What to work on:
Nothing is needed except the lines below that run from the one with "Dziewczęcy kombinezon piżamowy" through the one with "Child playing on", repeated exactly.

***** Material supplied *****

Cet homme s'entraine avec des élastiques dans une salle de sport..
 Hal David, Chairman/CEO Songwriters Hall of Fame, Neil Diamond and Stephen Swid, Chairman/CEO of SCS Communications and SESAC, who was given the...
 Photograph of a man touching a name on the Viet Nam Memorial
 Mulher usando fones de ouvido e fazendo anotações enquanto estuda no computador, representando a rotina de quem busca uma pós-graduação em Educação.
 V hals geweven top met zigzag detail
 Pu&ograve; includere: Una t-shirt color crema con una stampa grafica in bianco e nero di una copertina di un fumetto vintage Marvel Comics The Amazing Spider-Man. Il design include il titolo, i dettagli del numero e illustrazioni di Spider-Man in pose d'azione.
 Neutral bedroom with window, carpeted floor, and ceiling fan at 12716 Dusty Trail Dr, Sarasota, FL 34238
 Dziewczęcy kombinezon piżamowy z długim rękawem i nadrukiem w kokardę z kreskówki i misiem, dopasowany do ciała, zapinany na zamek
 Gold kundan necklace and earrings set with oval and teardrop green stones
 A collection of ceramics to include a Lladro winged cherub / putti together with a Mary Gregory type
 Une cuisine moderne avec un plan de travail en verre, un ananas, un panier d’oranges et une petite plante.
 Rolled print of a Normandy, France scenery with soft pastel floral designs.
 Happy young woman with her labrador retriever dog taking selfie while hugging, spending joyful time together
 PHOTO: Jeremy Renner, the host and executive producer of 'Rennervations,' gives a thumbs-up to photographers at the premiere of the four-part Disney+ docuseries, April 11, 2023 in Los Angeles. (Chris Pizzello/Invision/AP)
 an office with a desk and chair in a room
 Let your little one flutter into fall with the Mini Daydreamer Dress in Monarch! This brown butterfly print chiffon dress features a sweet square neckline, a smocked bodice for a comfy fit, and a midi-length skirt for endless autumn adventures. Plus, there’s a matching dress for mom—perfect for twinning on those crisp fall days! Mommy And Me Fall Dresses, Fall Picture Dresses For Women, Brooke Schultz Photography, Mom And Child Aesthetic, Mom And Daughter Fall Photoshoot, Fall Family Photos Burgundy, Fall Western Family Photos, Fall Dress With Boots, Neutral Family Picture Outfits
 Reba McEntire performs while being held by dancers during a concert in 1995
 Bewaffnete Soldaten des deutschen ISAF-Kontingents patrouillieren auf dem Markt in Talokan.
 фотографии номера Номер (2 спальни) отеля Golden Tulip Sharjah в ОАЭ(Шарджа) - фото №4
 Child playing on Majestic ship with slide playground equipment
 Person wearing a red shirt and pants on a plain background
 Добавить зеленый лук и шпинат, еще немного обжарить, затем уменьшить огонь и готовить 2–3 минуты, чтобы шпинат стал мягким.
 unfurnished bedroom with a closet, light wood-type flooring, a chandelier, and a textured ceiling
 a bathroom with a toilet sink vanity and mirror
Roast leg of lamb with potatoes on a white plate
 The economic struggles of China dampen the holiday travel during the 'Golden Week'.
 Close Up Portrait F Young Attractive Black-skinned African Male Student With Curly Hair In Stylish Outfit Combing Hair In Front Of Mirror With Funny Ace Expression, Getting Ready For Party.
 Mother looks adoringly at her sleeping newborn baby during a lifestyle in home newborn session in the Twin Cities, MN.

*****

Response below:
 Dziewczęcy kombinezon piżamowy z długim rękawem i nadrukiem w kokardę z kreskówki i misiem, dopasowany do ciała, zapinany na zamek
 Gold kundan necklace and earrings set with oval and teardrop green stones
 A collection of ceramics to include a Lladro winged cherub / putti together with a Mary Gregory type
 Une cuisine moderne avec un plan de travail en verre, un ananas, un panier d’oranges et une petite plante.
 Rolled print of a Normandy, France scenery with soft pastel floral designs.
 Happy young woman with her labrador retriever dog taking selfie while hugging, spending joyful time together
 PHOTO: Jeremy Renner, the host and executive producer of 'Rennervations,' gives a thumbs-up to photographers at the premiere of the four-part Disney+ docuseries, April 11, 2023 in Los Angeles. (Chris Pizzello/Invision/AP)
 an office with a desk and chair in a room
 Let your little one flutter into fall with the Mini Daydreamer Dress in Monarch! This brown butterfly print chiffon dress features a sweet square neckline, a smocked bodice for a comfy fit, and a midi-length skirt for endless autumn adventures. Plus, there’s a matching dress for mom—perfect for twinning on those crisp fall days! Mommy And Me Fall Dresses, Fall Picture Dresses For Women, Brooke Schultz Photography, Mom And Child Aesthetic, Mom And Daughter Fall Photoshoot, Fall Family Photos Burgundy, Fall Western Family Photos, Fall Dress With Boots, Neutral Family Picture Outfits
 Reba McEntire performs while being held by dancers during a concert in 1995
 Bewaffnete Soldaten des deutschen ISAF-Kontingents patrouillieren auf dem Markt in Talokan.
 фотографии номера Номер (2 спальни) отеля Golden Tulip Sharjah в ОАЭ(Шарджа) - фото №4
 Child playing on Majestic ship with slide playground equipment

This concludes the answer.